Sudah setahun lebih pandemi Covid-19 membawa dampak cukup besar terhadap sistem pembelajaran di Indonesia. Pembelajaran daring berdurasi jauh lebih singkat daripada saat tatap muka, maka itu tugas pada LKPD (Lembar Kerja Peserta Didik) yang dibuat, harus dapat mengoptimalkan pembelajaran daring.
Banyak orang tua yang belum memahami tentang tujuan penerapan pembelajaran HOTS. Hal tersebut berdampak pada keacuhan orang tua dengan kegiatan anak saat sekolah dengan sistem full daring. Tidak sedikit siswa juga mengeluh dengan banyaknya tugas yang dirasa berat. Tugas dengan penerapan HOTS, memang dirasa lebih sulit, namun kemampuan HOTS itu memang sebenarnya hanya perlu terus dilatih. Maka itu, peran keluarga, khususnya orang tua di rumah, sangat penting dalam situasi perubahan sistem pendidikan saat ini.

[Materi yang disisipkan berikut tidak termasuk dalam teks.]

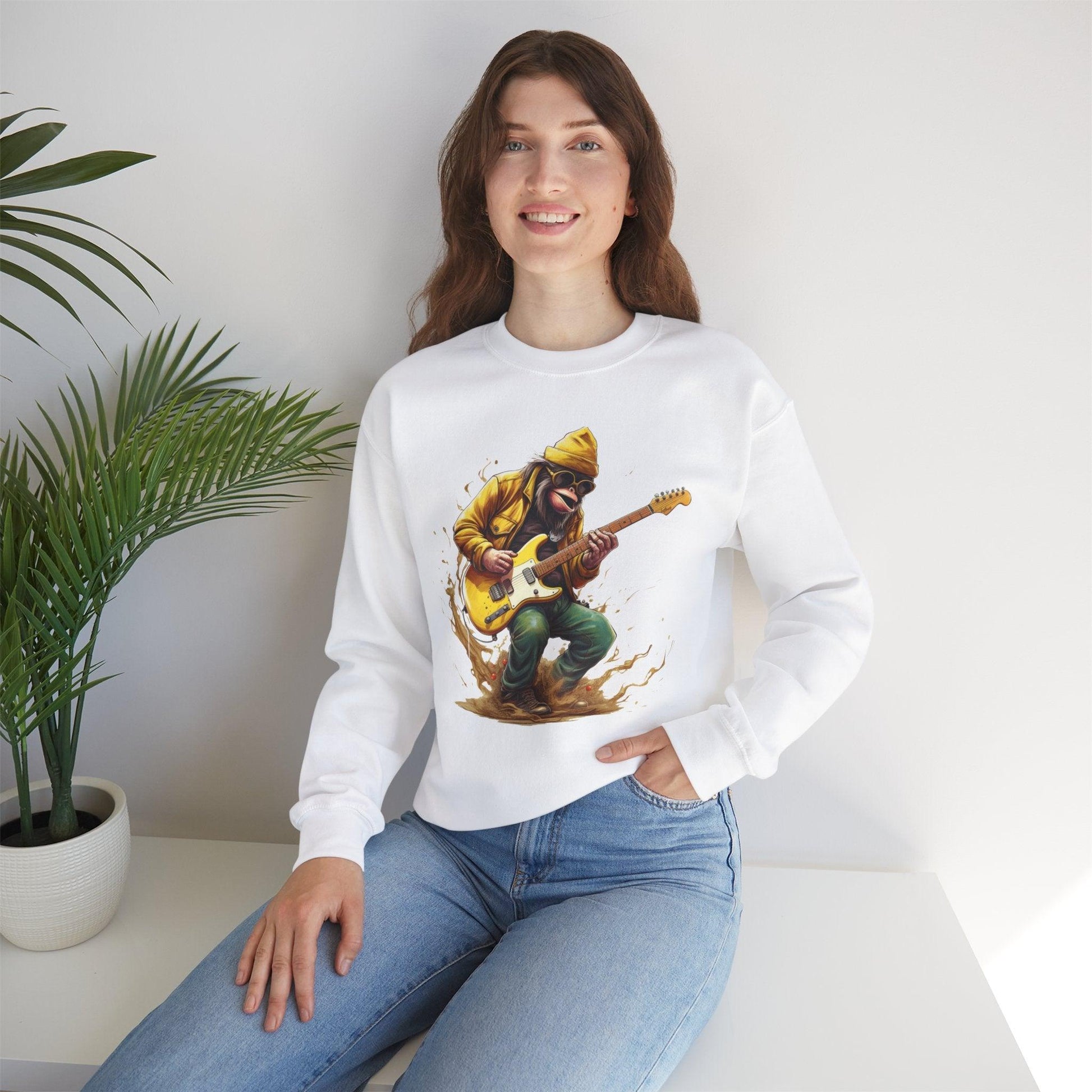 Monkey Guitar Sweatshirt | Cool Music Shirts for Men & Women - Stylfer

Kurikulum 2013 mengadopsi sebuah konsep pendidikan yang didasarkan pada Taksonomi Bloom yang dicetuskan oleh Benjamin Bloom 1965 dan telah direvisi oleh Anderson dan Krathwol 2021, dimana bertujuan untuk mengklasifikasikan materi atau tujuan dari pendidikan.
Berdasarkan pada Taksonomi Blooms tersebut, para ahli membagi cara berpikir manusia menjadi dua, yaitu, LOTS (Lower Order Thingking Skill) kemampuan mengingat, memahami, dan mengaplikasikan, dan HOTS (Higher Order Thingking Skill), yaitu kemampuan untuk dapat menganalisa, mengevaluasi, dan mencipta atau berkreasi. Pemerintah telah menerapkan HOTS dalam kurikulum pendidikan, sehingga siswa terus dilatih untuk berada di taraf keterampilan berpikir paling tinggi, yaitu dapat menciptakan atau menghasilkan sesuatu yang baru.
Tipe LOTS, hanya mengacu pada tingkat berpikir “apa?”, “siapa?” dan “kapan?”, sedangkan HOTS, mengasah keterampilan berpikir tingkat tinggi seperti, “mengapa?” dan “bagaimana?”.
Dalam pembelajaran HOTS, siswa dilatih untuk mengidentifikasikan, membedakan, menjabarkan, memprediksi, memformulasikan, membuat penilaian/kritikan, mengevaluasi, bahkan pada sampai tingkat menciptakan sebuah ide/ pemikiran/produk baru.
Dukungan keluarga dalam pembelajaran full daring saat ini, memang patut diapresiasi tinggi. Komunikasi antara orang tua dan guru di sekolah juga harus terjalin dengan baik.
Keberhasilan HOTS dalam segala bentuk tugas yang diberikan kepada siswa, menurut penulis, sulit berhasil tanpa dukungan keluarga khususnya orang tua.
Mendampingi dan memotivasi anak dalam tugas tertulis maupun unjuk kerja yang diberikan, haruslah satu tujuan dengan guru, salah satunya adalah mewujudkan generasi HOTS. Orang tua harus ikut serta mendampingi anak dalam berkreasi, memberikan wadah mengungkapkan pendapat dan terlibat langsung jika ada tugas unjuk kerja secara individu, tidak hanya berpikir asal jadi dan bagus, namun dikerjakan sepenuhnya oleh orang lain.
Mungkin ada beberapa orang tua yang berpikir bahwa anak dapat melakukan tugas-tugasnya tanpa peran orang tua. Namun situasi full daring setahun lebih ini, memberi kita pelajaran, bahwa tidak ada yang tahu kondisi seperti apa di masa depan.
Menyiapkan generasi HOTS, diharapkan dapat menjadi generasi yang percaya diri, memiliki keterampilan berpikir dalam merancang strategi, membuat ide-ide baru, serta dapat memberikan solusi untuk suatu permasalahan yang dihadapinya kelak, yang akan berguna bagi dirinya, keluarga, bangsa dan negara. Maka itu tidak hanya pemerintah, namun peran tenaga pendidik dan keluarga khususnya orang tua, juga sangat penting untuk menyiapkan generasi HOTS.
Nah, bagaimana ayah bunda, apakah masih ragu untuk meluangkan waktu untuk ananda?. Mari dampingi anak dengan penuh kesabaran dan kedisiplinan, agar ananda dapat tumbuh menjadi generasi muda yang dapat diandalkan bagi keluarga, agama, bangsa dan negara Indonesia.